Гринько стоит за станиной. Дышит ровно: подошёл давно, слушал сзади.
— Три вещи. — Он загибает их по одному пальцу, как загибал мне лебёдку. — Огня по новой точке не открывать. Держать её глазами. Полезет наверх — доложить и бить.
— А если снизу начнёт по борту?
Пантелеев спрашивает это уже в наглазник, лицом к цели, и руки кладёт обратно на маховики — не стрелять, а быть там, где положено, пока ему отвечают.
— Тогда прячете головы за щит и продолжаете держать. — Ладонь Гринько ложится на казённик и на этом слове прижимается к железу. — Пока он выбирает наше железо вместо людей на молу, мы его не учим выбирать лучше.
Дудка первым отводит патрон от лотка и опускает его вдоль ноги, донцем от станка, как было велено. Пантелеев пережидает ещё секунду и только тогда отпускает рукоять.
Ствол он отводит на палец в сторону от новой вспышки и оставляет его так. Между целью и мушкой появляется тёмный зазор: теперь никто сгоряча не выстрелит по тому, что приказано только держать глазами.
Гринько подходит и садится на корточки рядом со мной — с той стороны, где щит, так что берег ему теперь не виден вовсе, и всё, что у него осталось, это моё лицо и моя перевязанная рука на колене.
— Гуляев. Ты понял, что сейчас сделал?
Ответ у меня готов сразу, и потому я его придерживаю: слишком гладко выходит, а за гладкое здесь платят другие. Я прогоняю его ещё раз, примеряя к тем, кто сейчас садится в шлюпку у мола, и за эту паузу успеваю услышать, как за кормой скрипит под чьим-то весом мокрое дерево трапа.
— Я оставил стрелка живым и на позиции.
— Да. — Гринько упирается локтями в колени и сцепляет пальцы, и в этой позе пережидает секунду; крупная кисть у него лежит поверх второй, и обе неподвижны, как у человека, который давно научился не показывать руками ничего. — И это будет твоё решение, если через десять минут он положит очередь в шлюпку.
Я поворачиваюсь обратно к берегу и нахожу глазами точку у самой воды прежде, чем он успевает сказать «держи его».
Он видит это и молча уходит.
Ковтун переползает ближе к щиту и устраивает подбородок на согнутом запястье.
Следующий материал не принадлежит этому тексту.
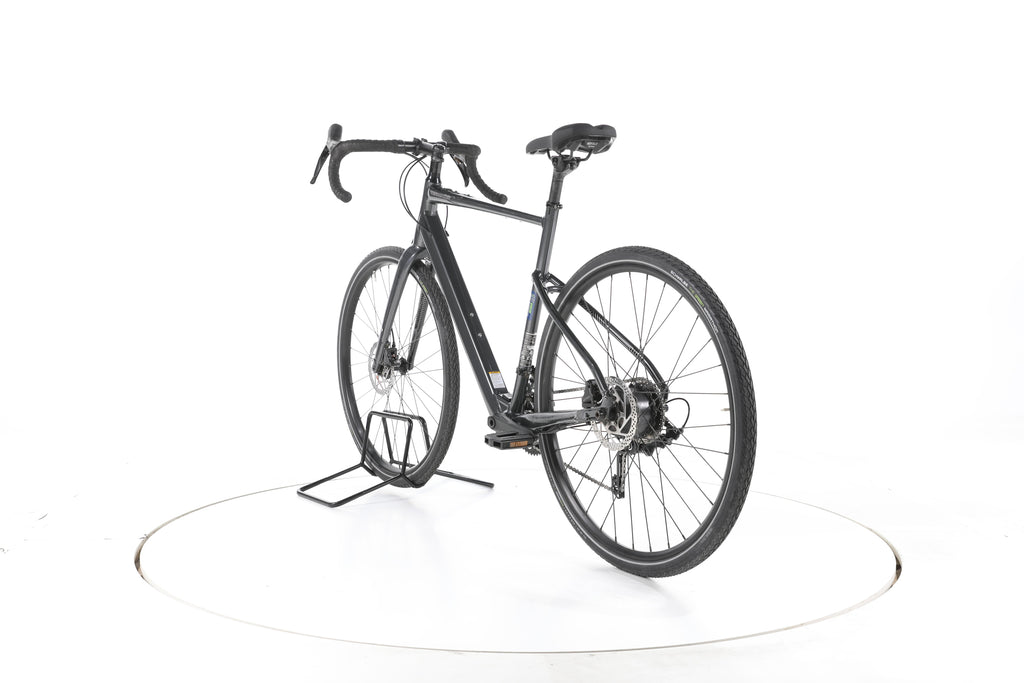 Cannondale Topstone Neo SL2 E-Gravel & Rennrad - Image 9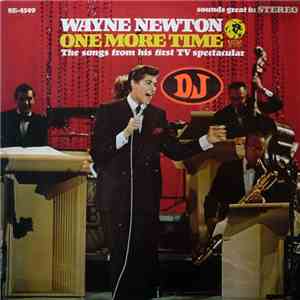 Wayne Newton - One More Time download flac mp3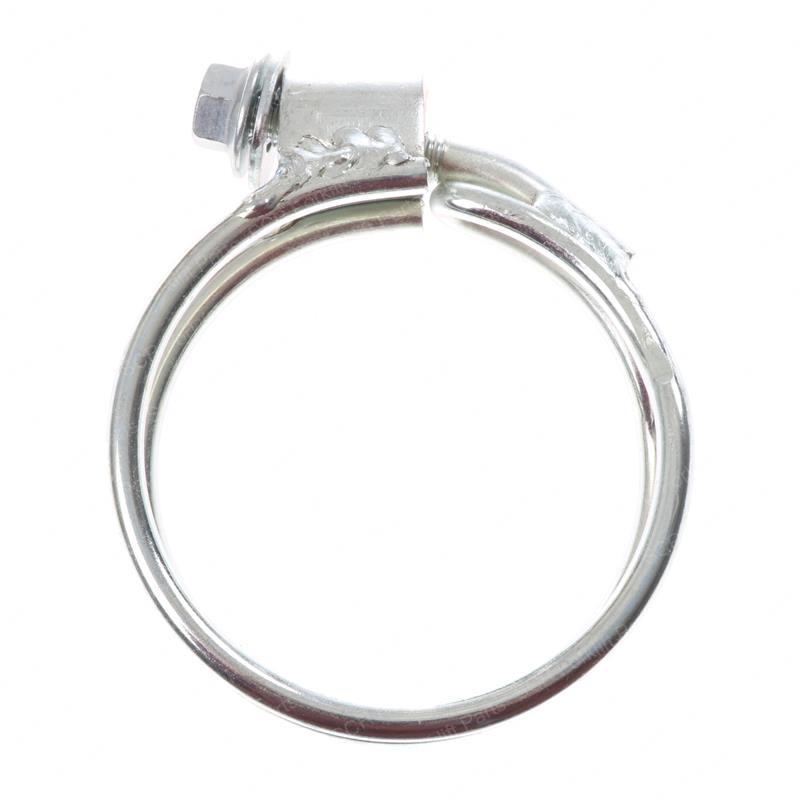 FLEX PIPE CLAMP 3 ZINC PLATED JL91403601 jl91403601 product image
Так ему видна вода между бортом и молом, а пулемётчику — только край его шапки.
— Если всё-таки в шлюпку? — Он говорит это почти в настил, в мокрое железо у самого моего колена, чтобы вопрос не ушёл к расчёту, и оттого слова идут глухо, будто из-под палубы.
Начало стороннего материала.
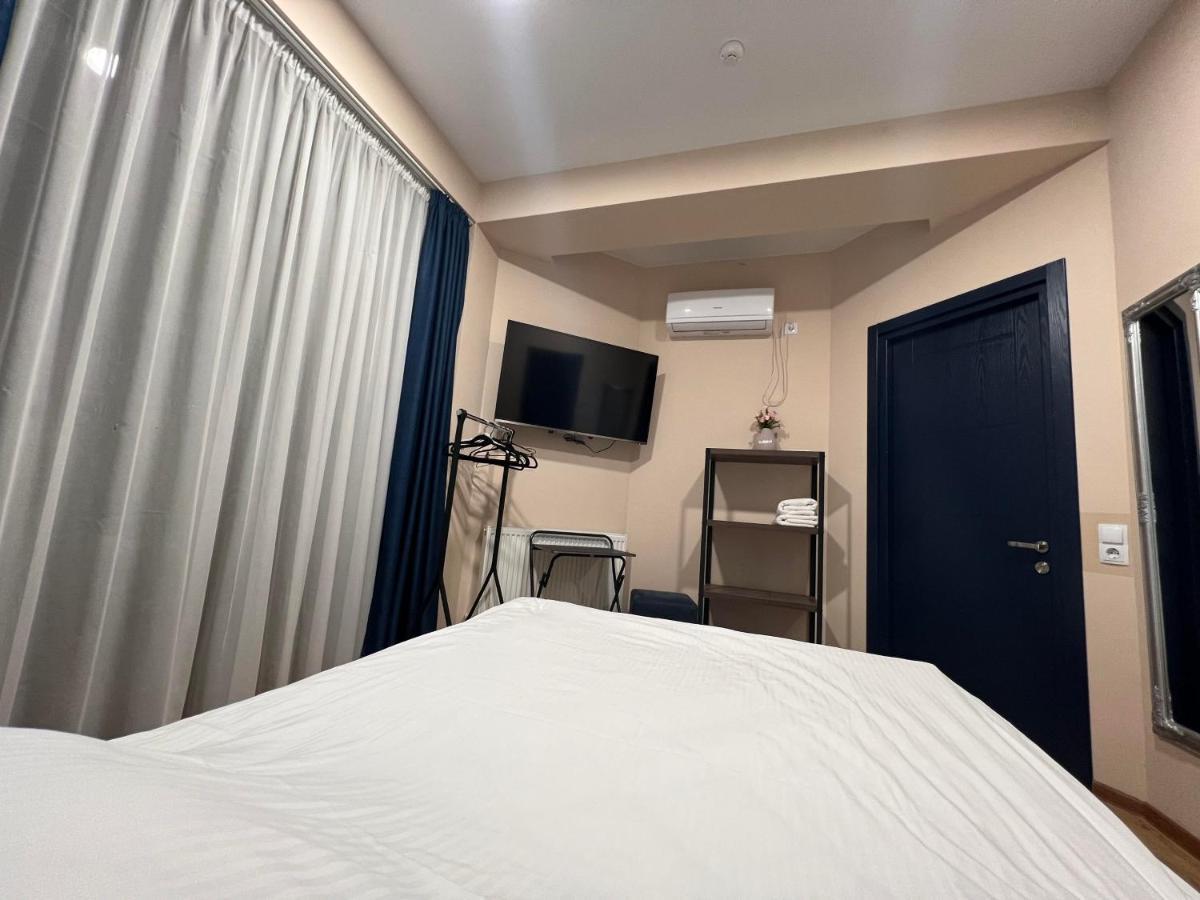 Hotel Sky Room Tbilisi Eksteriør billede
— Пантелеев держит его в прицеле.
— Я не про Пантелеева. — Он поднимает лицо ровно настолько, чтобы я увидел, что оно повёрнуто не к берегу, а ко мне, и тут же опускает обратно, потому что над кранцем держать голову дольше нельзя. — Ты успеешь сказать «огонь» раньше, чем он проведёт стволом по воде?